Syrien hat die jüngsten Äußerungen des türkischen Präsidenten Recep Tayyip Erdoğan in Bezug auf seine Entschlossenheit, die syrische Bevölkerung und ihre Rechte so weit wie möglich zu schützen, reagiert und betont, dass die Regierung von Damaskus mit allen verfügbaren rechtlichen Mitteln auf die Offensive der Türkei im Nordosten des Landes reagieren wird.

„Nach seiner kontinuierlichen Unterstützung des Terrorismus in Syrien, der Ausbildung, Bewaffnung, dem Schutz und der Entsendung von Terroristen, um Syrer zu töten, hat der türkische Regierungschef heute Erklärungen abgegeben, die nur von einer Person abgegeben werden können — die von der Realität losgelöst ist. Er spricht von seinem Engagement für den Schutz des syrischen Volkes, während er das Blut des von Terroristen getöteten syrischen Volkes in seinen Händen hat “, zitierte die amtliche  syrische Nachrichtenagentur SANA eine ungenannte Quelle im Ministerium für auswärtige Angelegenheiten und Expatriates in einer Erklärung am Donnerstag .
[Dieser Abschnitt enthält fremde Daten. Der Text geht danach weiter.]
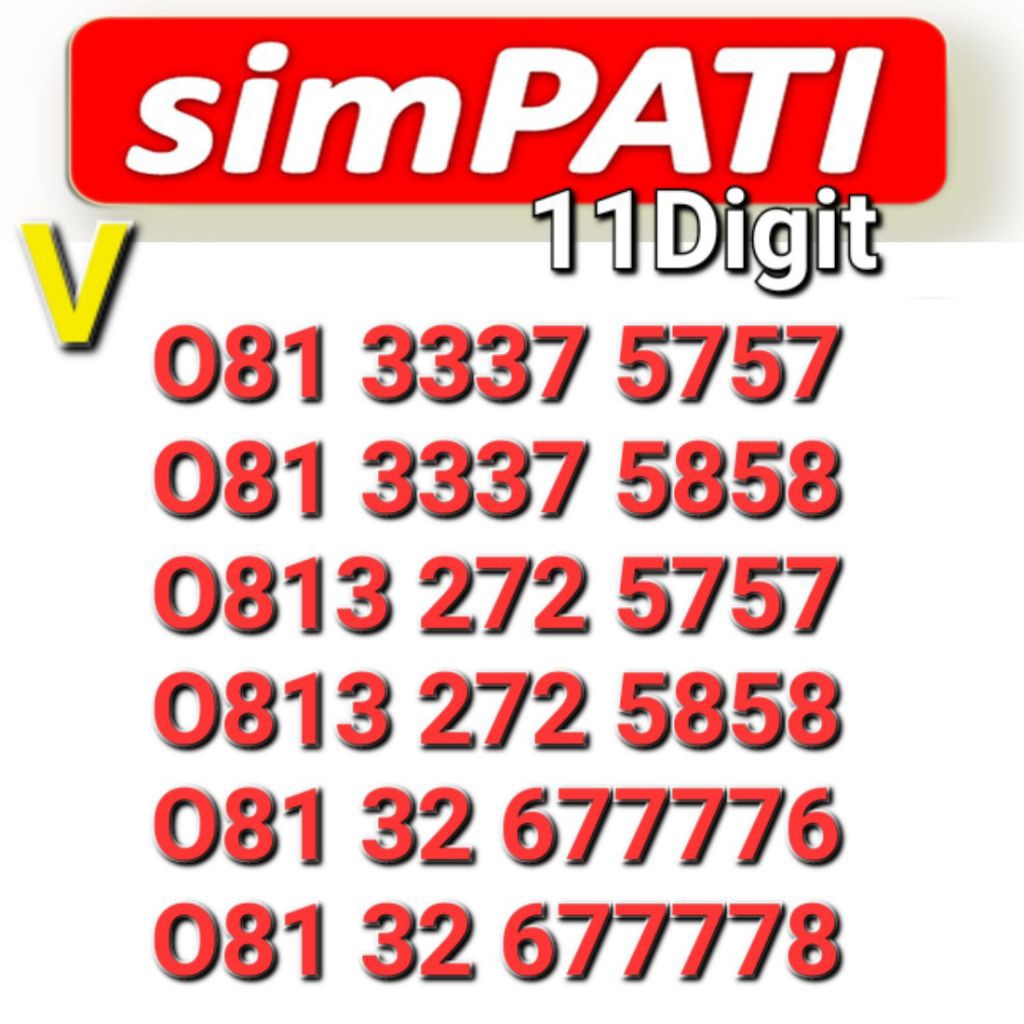 Nomor simpati 11digit 5757 677778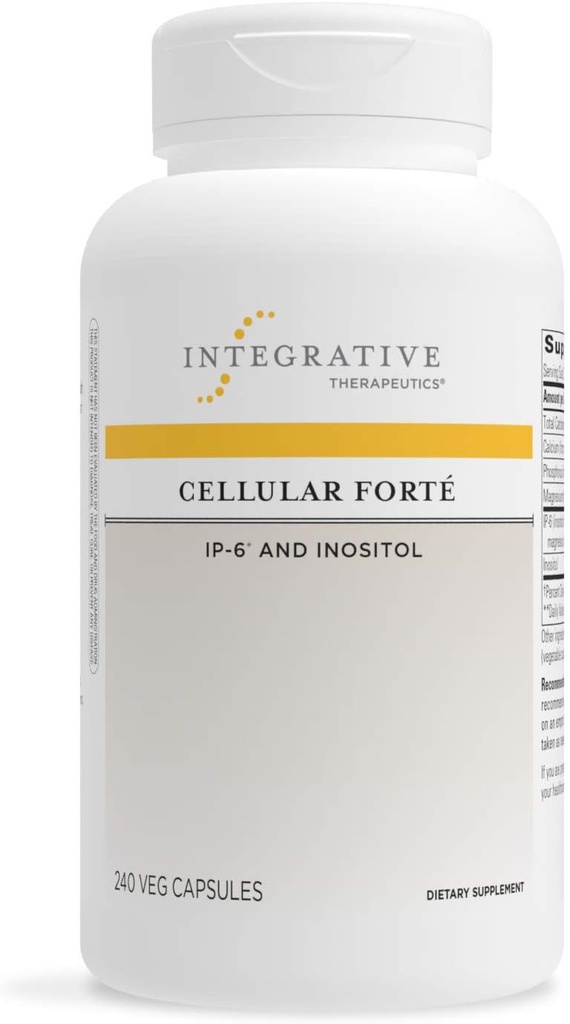 Integrativne terapevtske celične forte - Imunska podpora dodatek z IP-6 in Inositol* - Gluten Free - Dairy Free - Vegan - 240 kapsul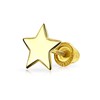 Minimalist Real Yellow 14K Gold USA Patriotic Rock-Star Celestial Helix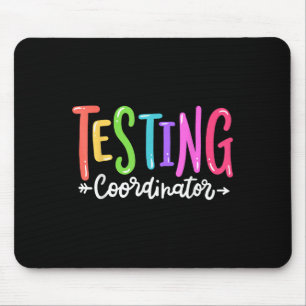 Testing Coordinator Test Day Exam Motivational Squ Mouse Mat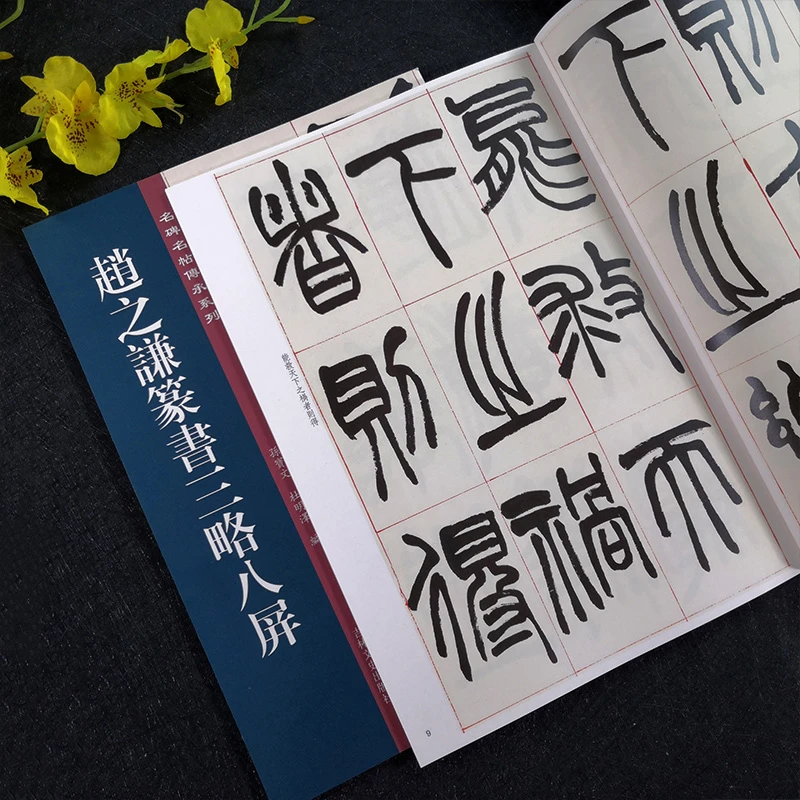 Çin Klasikleri Yazıtlar Koleksiyonu Defterini Deng Shiru Resmi Mühür Komut Dosyası Kaligrafi Fırçası Kopya Kitap HD Renkli Baskı Görüntü 3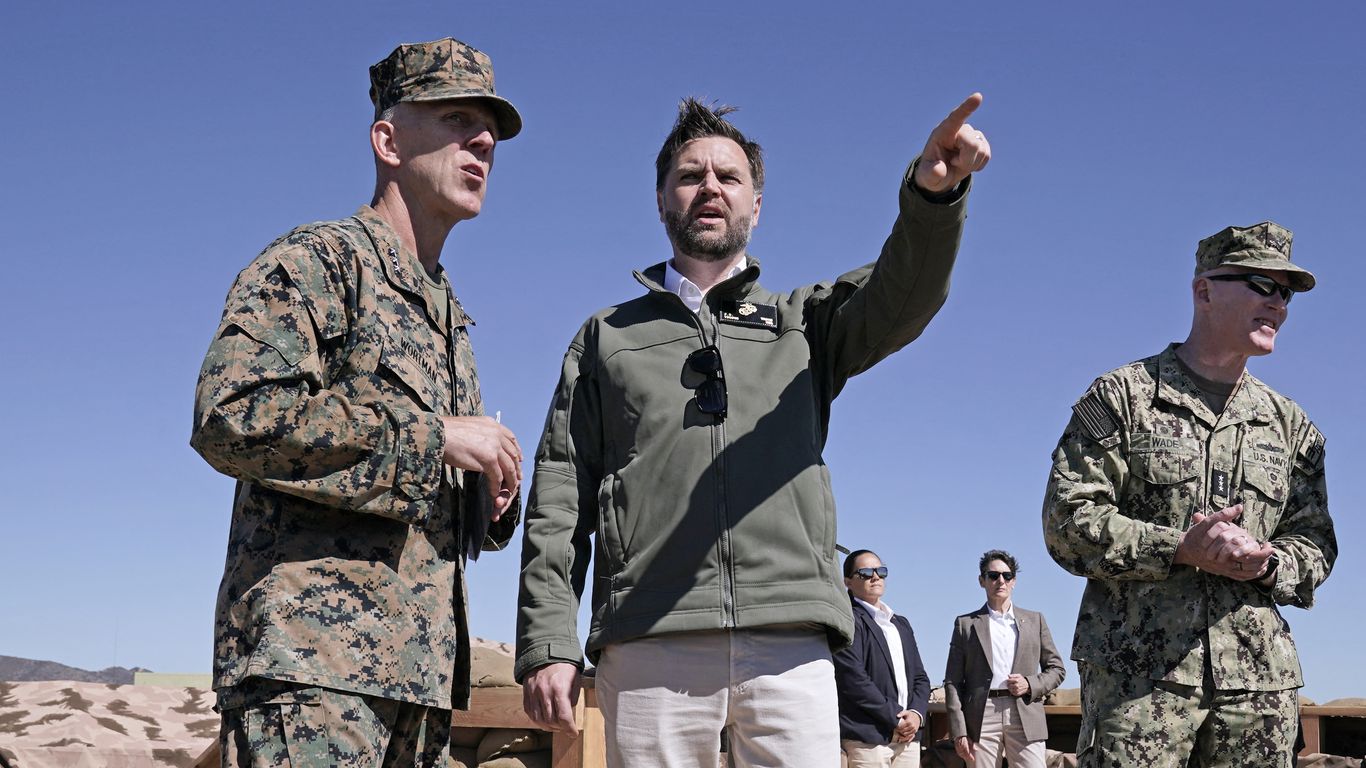 Newsom slams "reckless" military display after shrapnel hits patrol car escorting Vance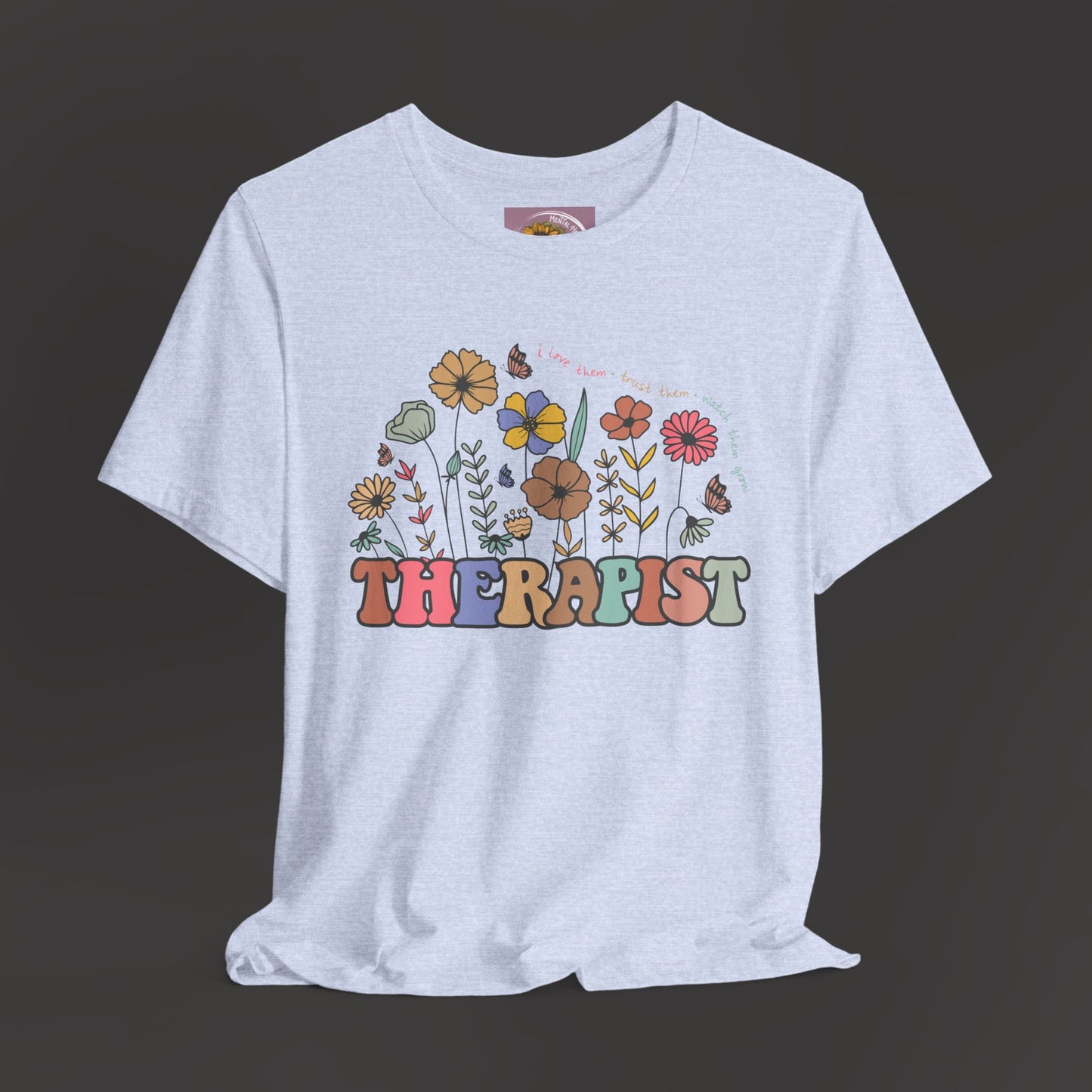 Vintage Therapist Wildflower Tee - Mental Health Wear TN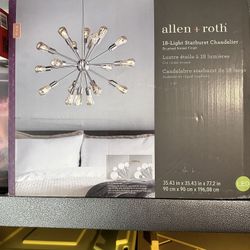 Allen Rothi 18 Light Starburst Chandelier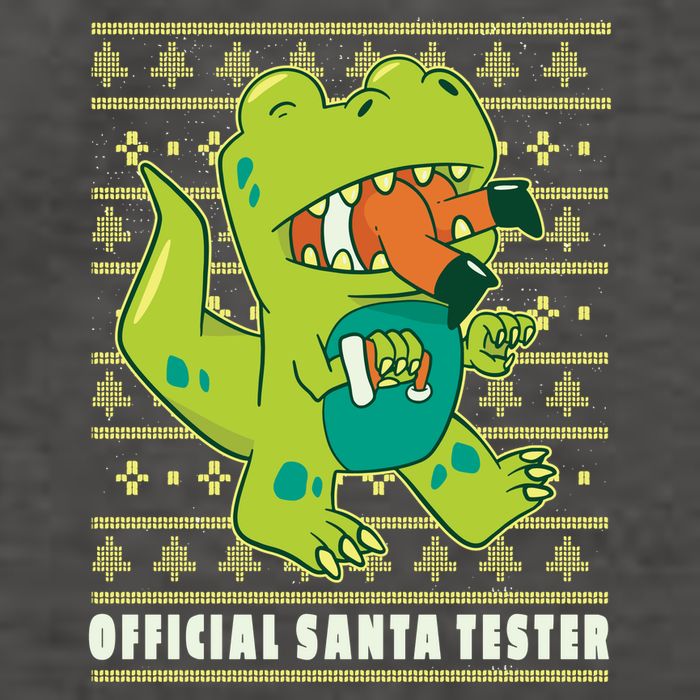 Official Santa Tester Dino Ugly Christmas Vector Backpack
„Erdoğan spricht über seine Sorge um die syrische Bevölkerung, die er schützt und ihr Leben rettet, während er unter dem Vorwand der Terrorismusbekämpfung Zivilisten im Norden Syriens angreift. Erdoğans Regime verbirgt sich hinter humanitären Parolen, wenn es von ihnen weit entfernt ist, und ist für die Begehung von Massakern verantwortlich “, fügte die Quelle hinzu.

Der syrische Beamte wies ferner darauf hin, dass die Regierung die türkische Aggression mit allen verfügbaren rechtlichen Mitteln bekämpfen werde, und betonte, dass der Kampf der syrischen Armee gegen den Terrorismus nach den Äußerungen von Erdogan und Mitgliedern seiner Clique nicht aufhören werde.

«Die Aufgabe, das syrische Volk zu schützen, liegt bei der syrisch-arabischen Armee und dem syrischen Staat und sonst niemandem», unterstrich die Quelle aus Damaskus.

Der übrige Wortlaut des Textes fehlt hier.